Visual Guide to NoSQL Systems

jbellis · on March 14, 2010

Submitted http://news.ycombinator.com/item?id=1191075 because a lot of people in this thread could use an explanation of what CAP actually means. :)

strlen · on March 14, 2010

I think P should be an S ("split"), a lot of people seem to confuse partition in the context of "partitioning a database" with a network partition ("split-brain" scenario).

Perhaps a better example to use should be a distributed chat room.

strlen · on March 14, 2010

This doesn't look entirely right to me.

Some comments:

Some RDBMS actual perform background asynchronous replication. If you're doing your reads from slaved replicas, you've got an "eventually consistent" system ("A{possibly, P}"). If you're only doing reads from the master node, you're no longer highly available. If you're "promoting" slaves in the case of a master failing, you're _AT_ best back to the case of eventual consistency (if the master comes back and the replication backlog is replayed correctly) or you might not be consistent at all. To echo others, let's call this "potential consistency".

Eventual consistency isn't something Amazon decided to make up, we've dealt with eventually consistent systems on a daily basis long before (DNS, usenet, some distributed file systems, etc...).

BigTable and co. are not "CP" and much more true to the "CA" definition than say MySQL replication or Postgres + Slony. They use protocols like Paxos with leases (BigTable) and Zab (used by ZooKeeper based systems). These are modified 3PC protocols: unlike 2PC protocols, they still guarantee fault tolerance ("A") even if the coordinator node fails; unlike pure 3PC protocols they offer certain guarantees of liveliness (e.g., through the use of leases) and even some degree of partition tolerance. Still, Google had to build Spanner on top of BigTable to provide partition tolerance / true multi-datacenter operation.

cx01 · on March 14, 2010

> If you're "promoting" slaves in the case of a master failing, you're again back to the case of eventual consistency.

I don't think so. If you use asynchronous replication and the master fails directly after acknowledging a new request but before forwarding it to the slaves, this request may be totally lost. So you'd have no consistency at all (or at least not eventual consistency).

strlen · on March 14, 2010

My bad. Editing the original comment. You're completely right, I forgot the case of master failing before all writes made to it are replicated.

gruseom · on March 14, 2010

Given that it's been proven that there is a tradeoff between C, A, and P, this triangle is a good idea, one of those ideas that is obvious as soon as you see it (but not before).

It's fascinating how much disagreement there is in the comments, here and in the OP, about where to place the various systems. We know that a system can't occupy more than one edge, yet apparently it's non-trivial in several cases to decide which. I wonder why? Are people are defining terms differently? Are some of the systems themselves poorly specified?

cx01 · on March 14, 2010

It's unfortunate, but a lot of people participating in these discussions have no clue. They read that CouchDB claims to support "ACID" and then conclude that it fulfills the C in CAP. Now in reality, CouchDB isn't ACID compliant because it doesn't even support transactions. Additionally the C in ACID is not equivalent to the C in CAP.

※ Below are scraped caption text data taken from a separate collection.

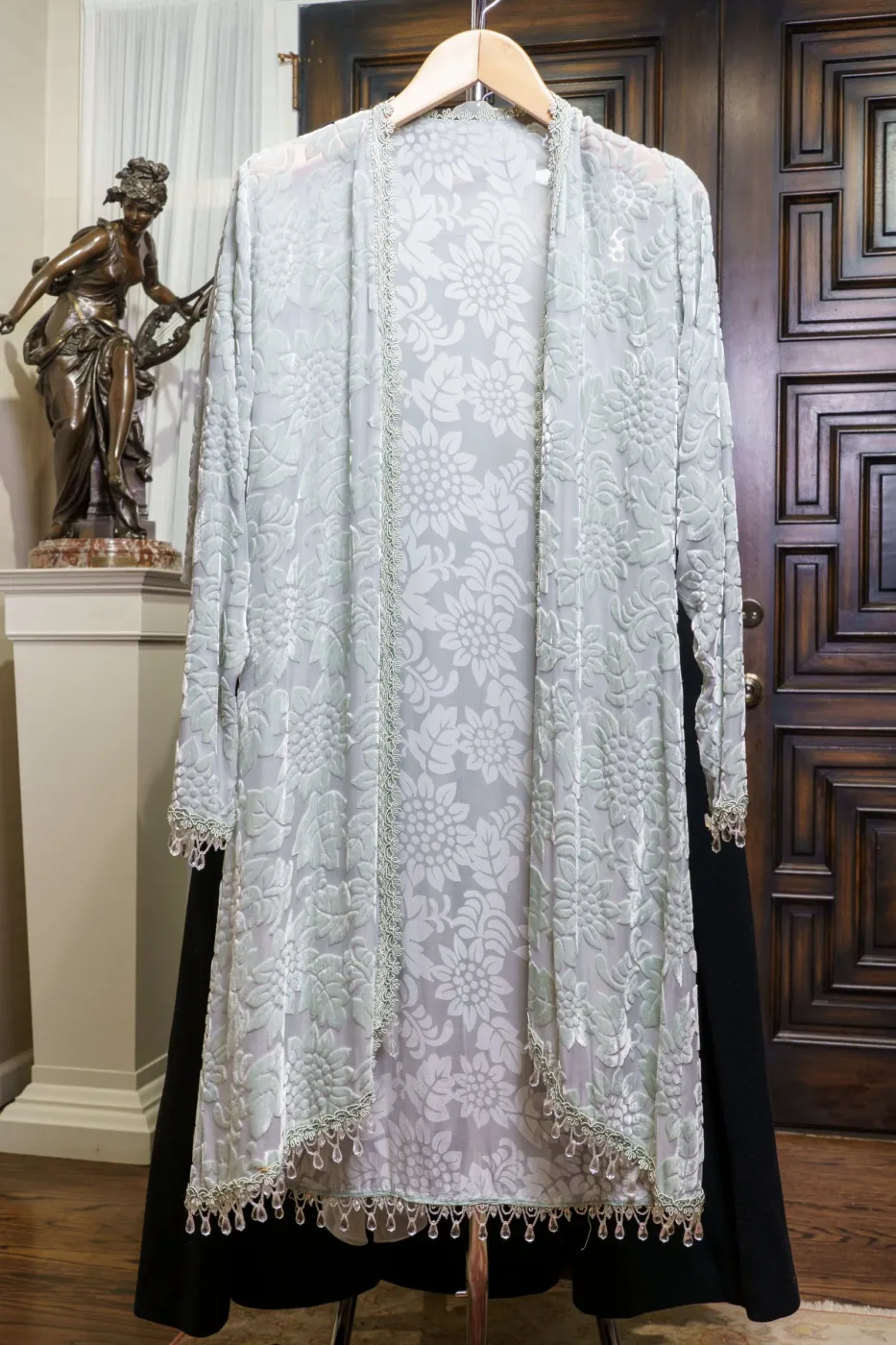 Elegant Pale Sage Green Velvet & Silk Evening Ensemble, photograph 1
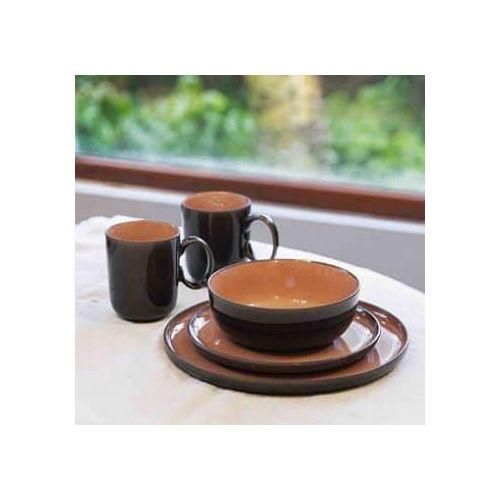 product_image_name-Generic-24-piece ceramic dinnerware set, featuring plates, bowls, and mugs with a two-tone design (dark exterior and orange interior).-2
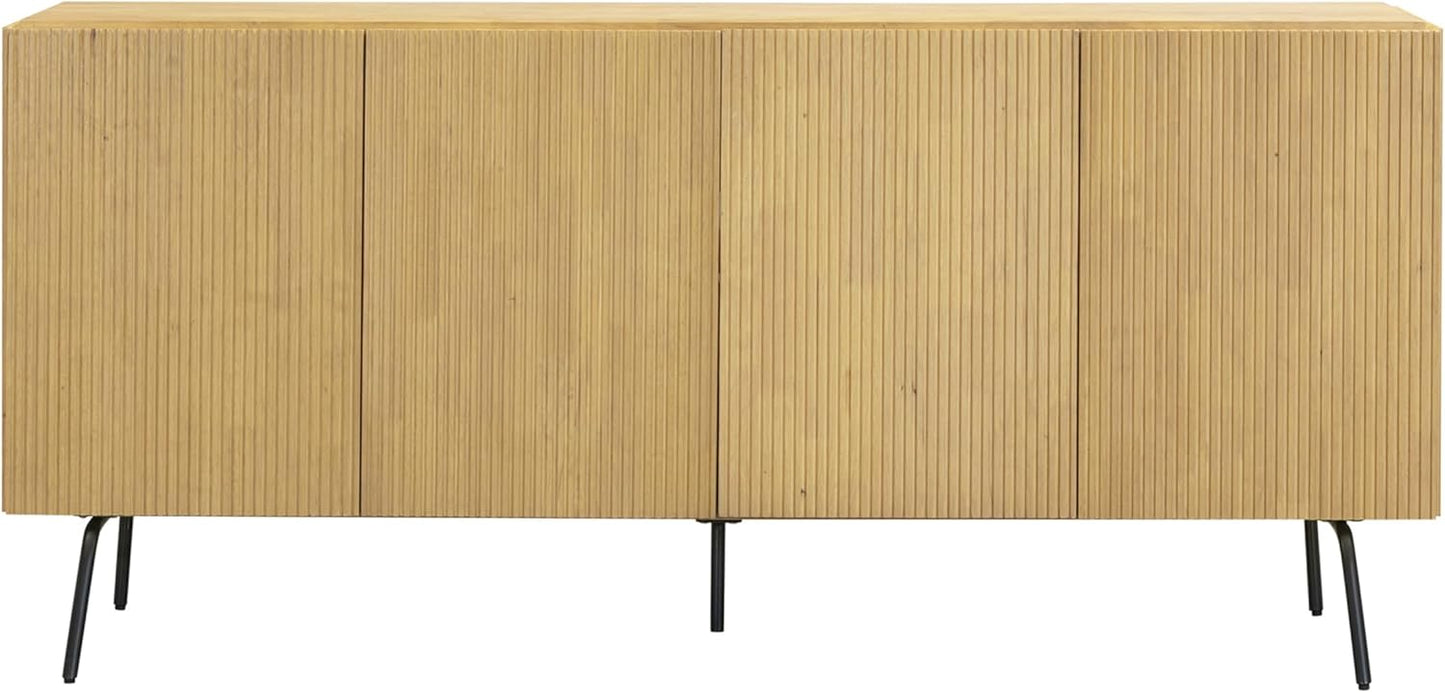 NTC Veil Modern Sideboard with 4 Doors, Buffet Cabinet with Vertical Groove Design and Metal Legs, Storage Cabinet for Living Room, and Hallway, Effortless Assembly, Sand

Or take a look at this sentence from the article "Consistent, Available (CA) Systems have trouble with partitioning and typically deal with it with replication and sharding.". I assume that instead of "partitioning" he meant "partitions". Even then, partitions can not be dealt with by sharding in any sense. And mentioning "replication" is totally misplaced here because obviously all of these data stores use some kind of replication.

by · on March 15, 2010

"Additionally the C in ACID is not equivalent to the C in CAP."

It would help if the people writing papers about CAP knew what the C in ACID meant before they wrote their papers.

Here is the relevant paragraph from the paper "Brewer's Conjecture and the Feasibility of Consistent, Available, Partition-Tolerant Web Services" Created: 10/08/2003 14:42 http://lpd.epfl.ch/sgilbert/pubs/BrewersConjecture-SigAct.pd...

"Most web services today attempt to provide strongly consistent data. There has been significant research designing ACID2 databases, and most of the new frameworks for building distributed web services depend on these databases. Interactions with web services are expected to behave in a transactional manner: operations commit or fail in their entirety (atomic), committed transactions are visible to all future transactions (consistent), uncommitted transactions are isolated from each other (isolated), and once a transaction is committed it is permanent (durable). It is clearly important, for example, that billing information and commercial transaction records be handled with this type of strong consistency."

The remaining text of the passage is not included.